Friday, October 19, 2012
Durham's People Alliance fails the fact check
Durham’s People’s Alliance is tragically misinforming local voters on the position of two candidates for the Board of County Commissioners. Their endorsement sheet and website indicates that Michael Page, Brenda Howerton and Omar Beasley can’t be trusted in protecting the rights of gays and lesbians. The attack against Beasley lacks any clear evidence to support the PA’s view, and their stance on Howerton fails to consider what she has stated.
Beasley was a strong opponent of Amendment One, and supports his sister who is a lesbian involved in a domestic partnership. “How could I do anything that would go against my own sister,” Beasley says.
Beasley’s sister is Melody Wilkerson. She and her partner Kifu Faruq co-founded Greenspace Initiatives. Faruq is known around Durham as the owner of Kukia’s Cookies, those wonderful vegan/organic treats, and recently became a columnist for The Durham News. Wilkerson and Faruq are strong supporters of Beasley and are leading the charge for gay rights awareness in the black community.
The PA has unfairly lumped Beasley in the same camp as Page and Howerton. They assume a pro-751 agenda, something that Beasley has not stated, and his being weak in supporting gay rights. Beasley’s position on 751 is to give him the chance to do what those on the commission were granted, a chance to explore all angles. Beasley shouldn’t be blamed for a project he didn’t create. His role, if elected, will be to maneuver around what has been decided. He shouldn’t be expected to campaign on a record that isn’t his to own; thi]us, the PA is unfair in forcing candidate to take that position.

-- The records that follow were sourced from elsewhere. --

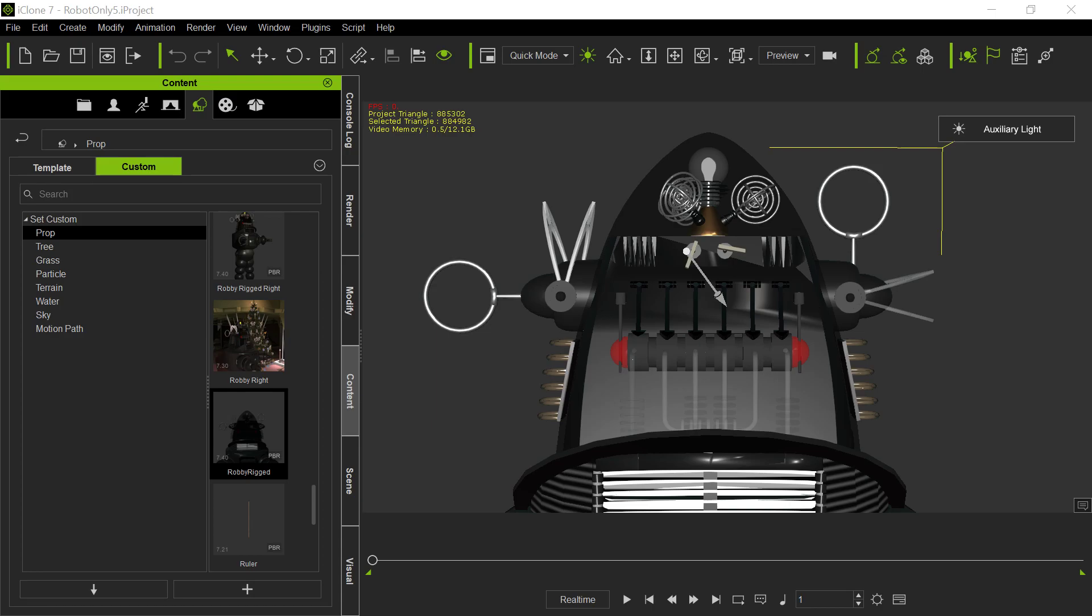But anyway, so to begin with, this is the idea here. I have this robot, Robbie the Robot, for those of you that are familiar with Forbidden Planet. And Robbie has a number of moving parts. When he's just operating, when he's not shut down, these antennae rotate, and they rotate in different directions. Obviously this one's straight up and down, this one's sideways.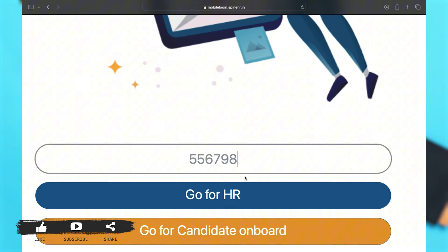Once you click on your respective option, you will have to enter your login credentials like your email and your password. Once you enter both of those, you may click on the login button and you will be logged in to your account.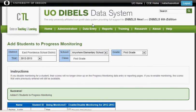This has been how to select students for progress monitoring using the DIBELS data system.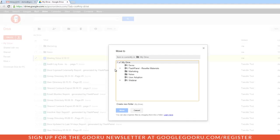So I'll go ahead and choose the folders I want to move my document to. I'll select Marketing and Notes. And then we'll go down and click Move.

Taking a position against Beasely based on 751 is one thing, making assumptions on his stance on gay rights is offensive. It’s simply a lie
The same can be said about Howerton. The truth is Howerton took a strong position against Amendment One. “It hits too close to home when you start discriminating against any people,” Howerton was quoted in the Herald-Sun.

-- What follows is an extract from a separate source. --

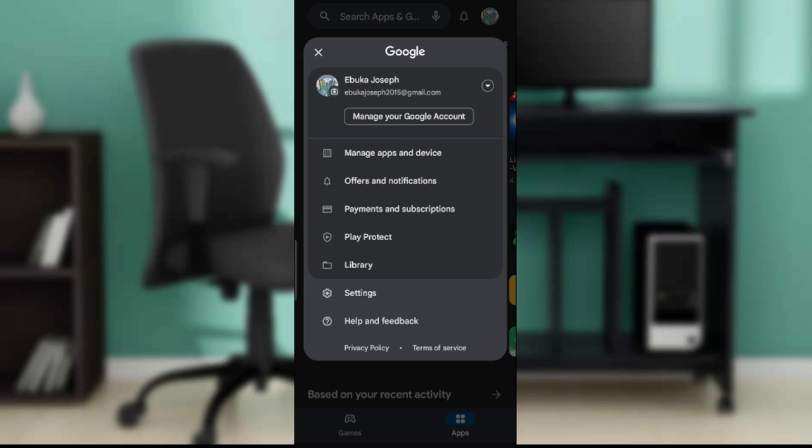Here you'll see Manage your Google Account, Manage apps and devices, Offers and notifications, Payment and subscriptions, Play Protect, Library, Settings, Help and feedback. Now at the top you see you only have one account, and how will you be able to transfer Google Play game center to another account?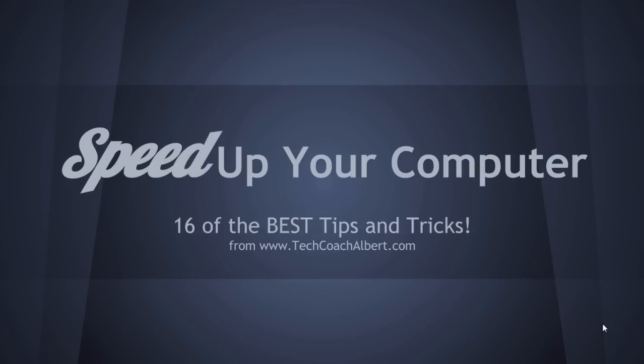Oh come on, why is it being so slow? I hate slow computers, don't you? Hey guys, Tech Coach Albert here. Today we're gonna discuss some tips of how you can speed up your computer. If you're anything like me, I hate having a slow computer, so today let's take a couple minutes and figure out what we can do at home to make it better.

The PA’s attack against Michael Page may be warranted, but should be understood within the complex context Page brings to the Board of County Commissioners. As a pastor, Amendment One presented Page a dilemma that is hard for those standing on the outside of the black church to understand.
Page never supported the amendment to define marriage as a bond between a man and a woman, but he didn’t stand in opposition. To his credit, Page did bring a symbolic resolution before the board to reflect the group’s opposition. That resolution was strapped when GOP activist Dick Ford challenged the legality of the resolution.
The antics displayed by the PA have caused significant damage to race relations in Durham, NC. At the heart of the matter are assumptions made devoid of clear dialogue with those who seek public office. The recent actions of the PA are insulting to those running for the Board of County Commissioners. It’s the type of maneuvering one can expect among candidates, but political action committees should avoid comments rooted in assumptions.
Omar Beasley deserves an apology for being labeled one who can’t be trusted for protecting gay rights. It’s a lie that must be corrected.
If you don’t believe me, ask his sister.